Piano Parts and How a Piano Works
hammers - the hammers are usually made from wool felt. The movement of the hammers is controlled by the keys. As they strike the strings, the strings vibrate causing sound. The hammers must be uniform in size, shape and density in order to produce a consistent sound as they strike the strings. Over time and use, the felt hammers may need to be serviced in order to create their best sound. They may need to be resurfaced or voiced.
strings - the strings are actually metal wires of varying thickness, length, and tension to produce tones of different pitchs. The tension of the strings is adjusted with a tuning wrench and calibrated to the A440 standard. There are approximately 220 strings tuned to eight-eight (88) different pitches. When a piano is cared for properly, the strings will last for quite a long time. Eventually the strings will need to br replaced in a process known as "restringing".
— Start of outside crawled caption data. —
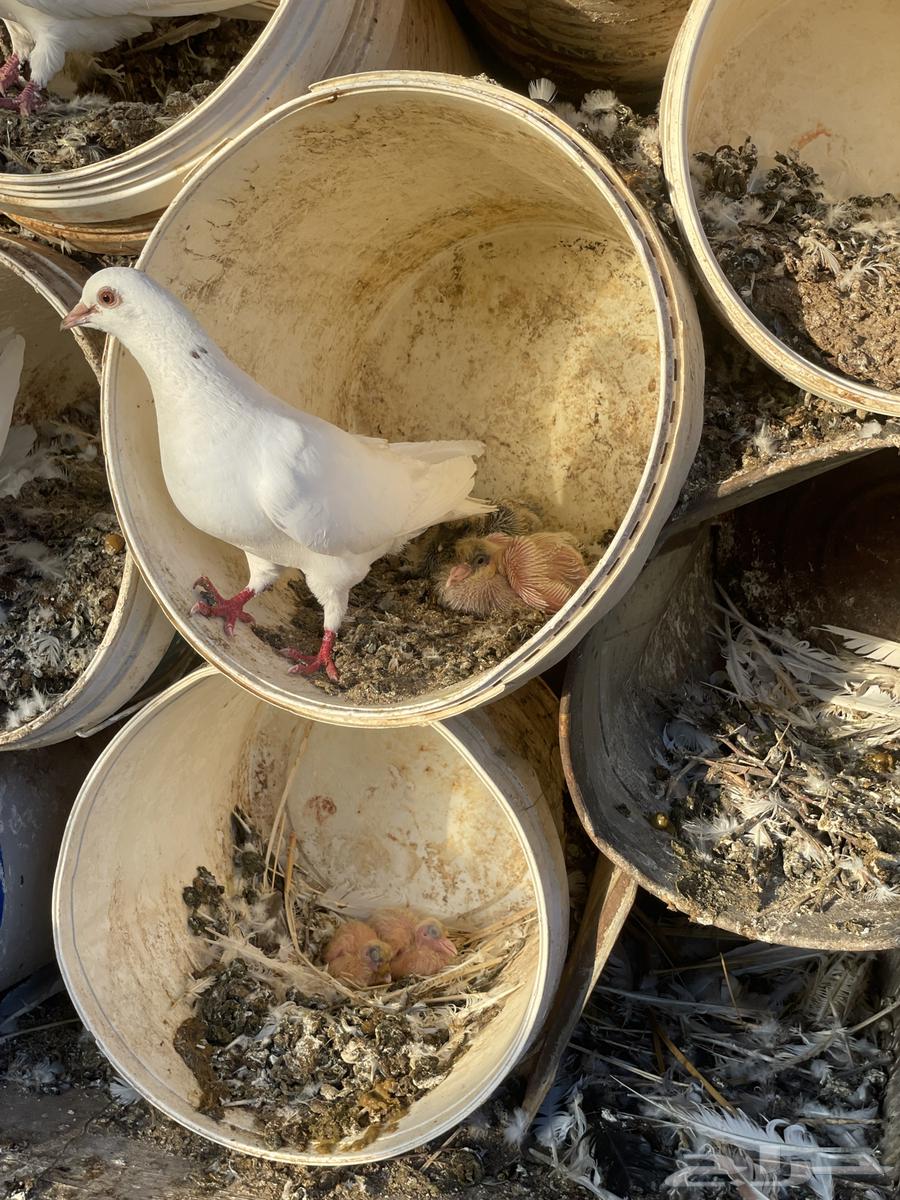 حمام مشكل للبيع64461787349377111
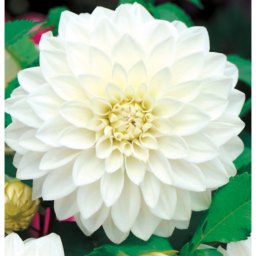 Dahlia A kert ékszere - Dália Csábítás Dekoratív fehér, 1db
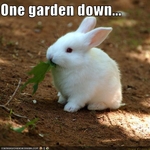 funny-pictures-bunny-eats-gardens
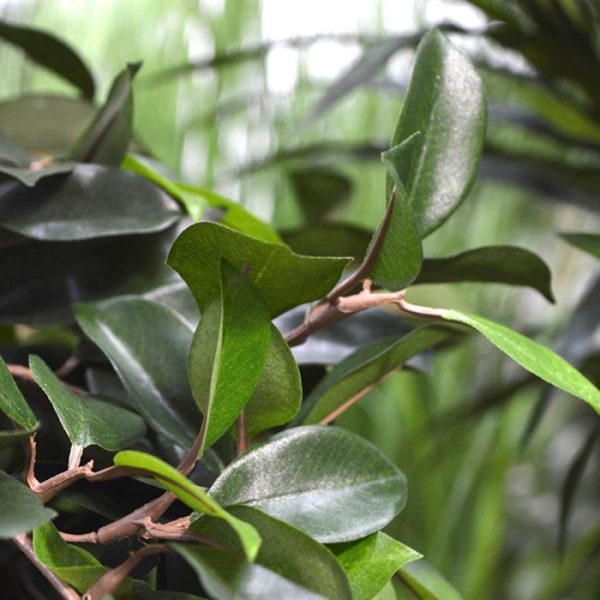 Panda Bonsai kunstboom 140 cm 3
bridge - the bridge is a carefully shaped wooden (generally maple) bar that elevates the strings above the soundboard. As the strings vibrate they transfer vibrations to the bridge which is attached to the soundboard. The bridge transfers these vibrations to the soundboard which in turn amplifies the tones of the strings.
soundboard - the soundboard is most often carefully constructed of spruce wood. Many pianos utilize a laminated soundboard while higher quality pianos will have a carefully crafted solid spruce soundboard for better sound. Generally speaking the larger soundboards produce a fuller sound. The vibrations that the soundboard receives from the bridge begin to resonate from this spruce board and actually amplify the sound of the strings many times that of the strings themselves.
plate - the plate is a cast iron metal frame which adds rigidity to the cabinet and maintains the structural integrity of the piano under the great stress that the tension of the strings applies to the cabinet. The combined tension of the strings is often between sixteen and twenty-three tons and without this cast iron plate, the extreme tension of the strings would cause the piano to collapse.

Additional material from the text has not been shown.